Creating Mutexes with Binary Semaphore

Question

I'm working with a simple system that does NOT have mutexes, but rather a limited array of hardware binary semaphores. Typically, all multithreading is been done with heavy Semaphore techniques that makes code both poor in performance and difficult to write correctly without deadlocks.

A naive implementation is to use one semaphore globally in order to ensure atomic access to a critical section. However, this means that unrelated objects (even of different types) will block if any critical section is being accessed.

My current solution to this problem is to use a single global semaphore to ensure atomic access to a guard byte that then ensures atomic access to the particular critical section. I currently have this so far:

while (true) {
    while (mutexLock == Mutex::Locked) {
    } //wait on mutex
    Semaphore semaLock(SemaphoreIndex::Mutex); //RAII semaphore object
    if (mutexLock == Mutex::Unlocked) {
        mutexLock = Mutex::Locked;
        break;
    }
} //Semaphore is released by destructor here
// ... atomically safe code
mutexLock = Mutex::Unlocked;

I have a few questions: Is this the best way to approach this problem? Is this code thread-safe? Is this the same as a "double checked lock"? If so, does it suffer from the same problems and therefore need memory barriers?

EDIT: A few notes on the system this is being implemented on...

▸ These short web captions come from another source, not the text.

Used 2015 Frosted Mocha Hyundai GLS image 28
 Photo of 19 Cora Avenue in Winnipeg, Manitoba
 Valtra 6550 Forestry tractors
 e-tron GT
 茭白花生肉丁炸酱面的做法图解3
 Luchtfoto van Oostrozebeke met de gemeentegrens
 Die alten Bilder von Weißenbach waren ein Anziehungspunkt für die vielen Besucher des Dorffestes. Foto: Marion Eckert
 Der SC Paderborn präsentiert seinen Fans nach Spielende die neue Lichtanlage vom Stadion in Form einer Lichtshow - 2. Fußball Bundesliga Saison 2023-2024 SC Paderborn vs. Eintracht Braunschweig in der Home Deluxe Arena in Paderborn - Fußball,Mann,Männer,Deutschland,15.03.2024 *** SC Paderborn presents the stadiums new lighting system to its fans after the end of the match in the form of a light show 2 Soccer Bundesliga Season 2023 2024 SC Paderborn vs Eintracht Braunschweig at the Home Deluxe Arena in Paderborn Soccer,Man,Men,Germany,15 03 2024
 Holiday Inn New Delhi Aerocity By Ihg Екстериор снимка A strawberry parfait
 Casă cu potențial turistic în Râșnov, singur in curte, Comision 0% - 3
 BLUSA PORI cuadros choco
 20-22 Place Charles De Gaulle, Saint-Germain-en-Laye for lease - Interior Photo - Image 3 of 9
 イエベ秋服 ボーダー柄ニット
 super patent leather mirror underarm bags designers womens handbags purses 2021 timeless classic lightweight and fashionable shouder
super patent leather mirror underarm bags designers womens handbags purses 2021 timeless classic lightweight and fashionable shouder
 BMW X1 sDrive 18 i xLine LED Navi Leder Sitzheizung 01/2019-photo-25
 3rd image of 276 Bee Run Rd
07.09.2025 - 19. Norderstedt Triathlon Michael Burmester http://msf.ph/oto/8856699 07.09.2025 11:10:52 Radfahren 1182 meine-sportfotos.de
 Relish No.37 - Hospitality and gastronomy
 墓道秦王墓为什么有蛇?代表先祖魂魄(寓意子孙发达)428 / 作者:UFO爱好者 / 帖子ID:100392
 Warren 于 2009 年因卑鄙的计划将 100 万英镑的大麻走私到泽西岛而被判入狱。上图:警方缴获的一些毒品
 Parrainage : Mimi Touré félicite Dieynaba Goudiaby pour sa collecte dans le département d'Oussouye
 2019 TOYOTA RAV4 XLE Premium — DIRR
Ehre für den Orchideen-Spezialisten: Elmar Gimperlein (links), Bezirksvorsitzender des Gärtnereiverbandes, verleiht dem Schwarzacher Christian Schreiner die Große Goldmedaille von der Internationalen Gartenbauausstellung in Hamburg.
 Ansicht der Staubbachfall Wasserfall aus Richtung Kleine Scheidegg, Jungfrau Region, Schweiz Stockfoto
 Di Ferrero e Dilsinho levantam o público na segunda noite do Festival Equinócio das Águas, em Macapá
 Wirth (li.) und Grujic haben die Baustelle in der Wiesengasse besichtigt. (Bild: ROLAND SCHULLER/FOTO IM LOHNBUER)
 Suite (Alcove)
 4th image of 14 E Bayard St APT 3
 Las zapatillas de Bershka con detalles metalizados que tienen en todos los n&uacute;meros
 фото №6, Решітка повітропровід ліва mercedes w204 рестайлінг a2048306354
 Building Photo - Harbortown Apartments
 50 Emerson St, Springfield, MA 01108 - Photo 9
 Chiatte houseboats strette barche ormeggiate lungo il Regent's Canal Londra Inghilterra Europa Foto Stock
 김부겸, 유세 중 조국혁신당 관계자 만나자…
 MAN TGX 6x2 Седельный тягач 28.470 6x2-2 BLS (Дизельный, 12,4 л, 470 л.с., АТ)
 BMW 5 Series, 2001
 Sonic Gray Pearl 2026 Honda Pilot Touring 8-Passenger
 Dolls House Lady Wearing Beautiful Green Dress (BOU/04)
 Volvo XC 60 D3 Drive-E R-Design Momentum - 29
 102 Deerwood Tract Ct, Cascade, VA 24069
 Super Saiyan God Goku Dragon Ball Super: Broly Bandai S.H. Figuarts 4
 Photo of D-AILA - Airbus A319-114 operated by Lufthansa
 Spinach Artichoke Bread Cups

It is a RISC 16-bit processor with 32kB RAM. While it has heavy multithreading capabilities, its memory model is very primitive. Loads and stores are atomic, there is no caching, no branch prediction or branch target prediction, one core with many threads. Memory barriers are mostly for the compiler to know it should reload memory into general purpose registers, not for any hardware reason (no cache)

This is, obviously, non-portable code. So we'd have to know your platform's rules. — David Schwartz, Oct 04 '13 at 19:48
Which in particular? The semaphore is an atomic lock at the index given when constructed, and the destruction releases across all threads. — Sam Cristall, Oct 04 '13 at 19:51
Knowing its memory visibility rules would be a start. Knowing if it provides memory barriers and, if so, what kinds and when they're needed would be good. Is it multi-processor or multi-core? Does it reorder memory operations? Does it have cores that share execution resources? You need detailed platform knowledge to construct good synchronization primitives. — David Schwartz, Oct 04 '13 at 19:53
For example, if this is a modern x86 platform, this code is a *disaster*. Your loop on the `mutexLock` will cause the CPU to mispredict the branch when `mutexLock` is released. So at the worst possible time, when you absolutely need to go as quickly as possible, you completely blow up the pipelines. And what about hyper-threading? That loop will consume CPU resources like mad. What if the lock is held by the other virtual core? How is it supposed to make forward progress efficiently with that loop consuming limited execution resources? You need detailed platform knowledge to do this right. — David Schwartz, Oct 04 '13 at 19:57
This is on a simple 16-bit RISC MCU with 32kB RAM. There's no cache, no branch prediction, no branch target prediction, no hyperthreading, no operation re-ordering. The processor has many threads sharing pipeline hardware, but they are independent. — Sam Cristall, Oct 04 '13 at 20:03
@Troy That's the only hardware support for critical sections (no mutexes or locks). I don't believe there are any software constructs that can emulate what the binary semaphores do (since any software version would be non-atomic) — Sam Cristall, Oct 04 '13 at 20:30
With 32KB ram you are running on a minimal system, certainly not a big OS. So you probably are pretty close to the hardware. You need a testandset operation, and you probably want to implement your own semaphores/mutexes. Use the limited hardware binary semaphore to protect your own group of mutexes and semaphores, and protect access to them with the hardware semaphore. The you can protect your code sections with these derivative resources. — ChuckCottrill, Oct 05 '13 at 06:11
@ChuckCottrill That's kind of what I'm shooting for with the code I posted. My processor does not have an atomic test and set, so I'm checking the mutex guard, then creating a pseudo atomic test and set using the hardware semaphore. Does that kind of make sense? — Sam Cristall, Oct 05 '13 at 18:57
The `while (mutexLock == Mutex::Locked)` seems problematic. If the threads are prioritized and a higher priority thread reaches that statement while a lower priority thread is in the critical section, a deadlock will occur. If the threads are not prioritized, then the thread should yield inside that loop. — D Krueger, Oct 07 '13 at 16:28

score 1 · Answer 1 · answered Nov 27 '13 at 11:35

Even if the processor has heavy multithreading capabilities (not sure what you mean by that btw.), but is a single core processor, it still means that only one thread can execute at any one time.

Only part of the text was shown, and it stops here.